Die Klage auf Bescheidung eines Asylantrags ist als solche kein Einzelfall, der durch besondere Umstände geprägt wird. Eine Herabsetzung des Gegenstandswertes nach § 30 Abs. 2 RVG ist daher grundsätzlich nicht gerechtfertigt.

Nach § 30 Abs. 1 RVG beträgt in Klageverfahren nach dem Asylgesetz der Gegenstandswert 5 000 Euro, in Verfahren des vorläufigen Rechtsschutzes 2 500 Euro (Satz 1). Sind mehrere natürliche Personen an demselben Verfahren beteiligt, erhöht sich der Wert für jede weitere Person in Klageverfahren um 1 000 Euro und in Verfahren des vorläufigen Rechtsschutzes um 500 Euro (Satz 1).
Nach § 30 Abs. 2 RVG kann das Gericht einen höheren oder einen niedrigeren Wert festsetzen, wenn der nach § 30 Abs. 1 RVG bestimmte Wert nach den besonderen Umständen des Einzelfalls unbillig ist.
Der durch das Zweite Kostenrechtsmodernisierungsgesetz neugefasste Gebührentatbestand des § 30 RVG soll zu einer Vereinfachung der bis zu diesem Zeitpunkt geltenden Rechtslage beitragen, indem nach § 30 Abs. 1 RVG nunmehr für alle asylrechtlichen Klageverfahren einheitlich und unabhängig vom Streitgegenstand stets 5.000 Euro zugrunde gelegt werden, wobei sich dieser Wert bei mehreren Asylbewerbern für jede weitere Person nach § 30 Abs. 1 Satz 2 RVG um 1.000 Euro erhöht. Es wird insoweit grundsätzlich nicht (mehr) danach differenziert, ob ein Asylbewerber mit seiner Klage Asyl nach Art. 16a GG, Flüchtlingsschutz nach § 3 AsylG, subsidiären Schutz nach § 4 AsylG bzw. nationale Abschiebungsverbote nach § 60 Abs. 5, Abs. 7 Satz 1 AufenthG begehrt, oder ob sich die Klage gegen eine Abschiebungsandrohung nach § 34 AsylG oder eine Abschiebungsanordnung nach § 34a AsylG richtet1.

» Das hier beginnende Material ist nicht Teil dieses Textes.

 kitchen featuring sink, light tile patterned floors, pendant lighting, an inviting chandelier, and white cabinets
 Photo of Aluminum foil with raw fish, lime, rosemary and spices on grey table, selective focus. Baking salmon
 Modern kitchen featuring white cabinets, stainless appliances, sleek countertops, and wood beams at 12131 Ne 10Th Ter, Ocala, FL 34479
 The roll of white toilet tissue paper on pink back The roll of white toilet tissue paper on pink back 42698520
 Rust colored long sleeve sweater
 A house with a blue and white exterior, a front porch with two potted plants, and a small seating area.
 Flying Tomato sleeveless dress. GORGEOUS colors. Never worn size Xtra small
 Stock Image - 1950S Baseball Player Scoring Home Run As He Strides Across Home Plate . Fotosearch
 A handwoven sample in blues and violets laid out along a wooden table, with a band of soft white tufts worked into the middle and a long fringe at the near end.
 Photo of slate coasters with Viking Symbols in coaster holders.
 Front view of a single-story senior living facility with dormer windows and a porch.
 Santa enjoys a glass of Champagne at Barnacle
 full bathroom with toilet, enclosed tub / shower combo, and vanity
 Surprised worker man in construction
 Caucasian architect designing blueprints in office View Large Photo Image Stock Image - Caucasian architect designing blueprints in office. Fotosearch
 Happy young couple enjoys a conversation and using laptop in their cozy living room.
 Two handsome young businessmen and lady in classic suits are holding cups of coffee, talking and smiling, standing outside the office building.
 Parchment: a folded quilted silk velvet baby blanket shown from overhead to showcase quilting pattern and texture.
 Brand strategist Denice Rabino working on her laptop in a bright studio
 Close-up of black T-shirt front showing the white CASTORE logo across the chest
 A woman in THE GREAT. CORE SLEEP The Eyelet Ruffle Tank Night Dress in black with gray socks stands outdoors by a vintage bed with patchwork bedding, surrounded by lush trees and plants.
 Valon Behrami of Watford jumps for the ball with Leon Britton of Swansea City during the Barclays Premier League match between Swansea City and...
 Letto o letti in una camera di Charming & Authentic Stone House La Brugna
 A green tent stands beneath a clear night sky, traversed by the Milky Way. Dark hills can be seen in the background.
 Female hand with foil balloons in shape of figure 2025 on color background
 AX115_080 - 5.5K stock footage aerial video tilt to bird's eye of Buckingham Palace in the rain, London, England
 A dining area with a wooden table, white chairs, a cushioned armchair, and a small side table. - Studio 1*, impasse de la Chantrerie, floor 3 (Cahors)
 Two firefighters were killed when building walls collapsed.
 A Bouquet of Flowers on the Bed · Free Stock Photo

Wird – wie hier – von Seiten des Asylbewerbers beantragt, das Bundesamt zur Bescheidung seines Asylantrages zu verpflichten (sog. Bescheidungsklage) mit der Folge, dass keine materiell-rechtliche Prüfung des Asylbegehrens erfolgt, sondern nur formal geprüft wird, ob die Voraussetzungen des § 75 VwGO erfüllt sind, eine Aussetzung in Betracht kommt bzw. die gesetzte Frist zur Entscheidung abgelaufen ist, ist bereits fraglich, ob eine Kostenberechnung nach dem Regelstreitwert nach § 30 Abs. 1 RVG hier unbillig wäre.
Denn der Gesetzgeber hat mit der Gleichstellung des Asyl-Regelstreitwerts mit dem für sonstige Verfahren nach § 52 Abs. 2 GKG geltenden Auffangstreitwert für eine Vielzahl von Fällen den Gegenstandswert nach oben gedeckelt, in denen in sonstigen Verfahren nach § 39 Abs. 1 GKG eine Addition der Werte mehrerer Streitgegenständen erfolgt. Dies deutet darauf hin, dass zum Zwecke der Verwaltungsvereinfachung ein Durchschnittswert gebildet werden sollte, was die Einbeziehung von Verfahren nach dem Asylgesetz mit geringerer Bedeutung nicht per se unbillig macht. Dass der Gesetzgeber beispielsweise auch Klagen nach § 30 Abs. 1 RVG erfassen wollte, mit denen ausschließlich eine auf §§ 34, 38 AsylG gestützte Abschiebungsandrohung angegriffen wird, zeigt der Vergleich mit der bis zum 31.07.2013 gültigen Textfassung des § 30 Satz 1 RVG. Danach betrug in Streitigkeiten nach dem Asylverfahrensgesetz der Gegenstandswert in Klageverfahren, die die Asylanerkennung einschließlich der Feststellung der Voraussetzungen nach § 60 Abs. 1 des Aufenthaltsgesetzes und die Feststellung von Abschiebungshindernissen betreffen, 3 000 Euro, in sonstigen Klageverfahren, zu denen u. a. die isolierte Anfechtung der Abschiebungsandrohung zählte, 1 500 Euro. Von der Vereinheitlichung des Gegenstandswertes sollten daher auch Verfahren profitieren, für die zuvor ein deutlich niedrigerer Gegenstandswert angesetzt worden war. Nicht unberücksichtigt bleiben kann ferner, dass es je nach Lebenslage durchaus von wesentlicher wirtschaftlicher Bedeutung für den Asylkläger sein kann, möglichst rasch mit dem Mittel der Bescheidungsklage eine (positive) Entscheidung des Bundesamtes zu erzwingen. Auch der Umstand, dass auf eine Verpflichtung zur Bescheidung im Falle einer Antragsablehnung mit erneuter Klage zu rechnen ist, kann nicht zwingend die Unbilligkeit des Regelgegenstandswertes für die Bescheidungsklage begründen. Denn es ist gerade in Asylverfahren keineswegs selten, dass ein und derselbe Asylbewerber mehrfach gerichtliche Verfahren anhängig macht, die wie z. B. bei Folgeantragsverfahren jeweils mit dem vollen Regelstreitwert abgerechnet werden können.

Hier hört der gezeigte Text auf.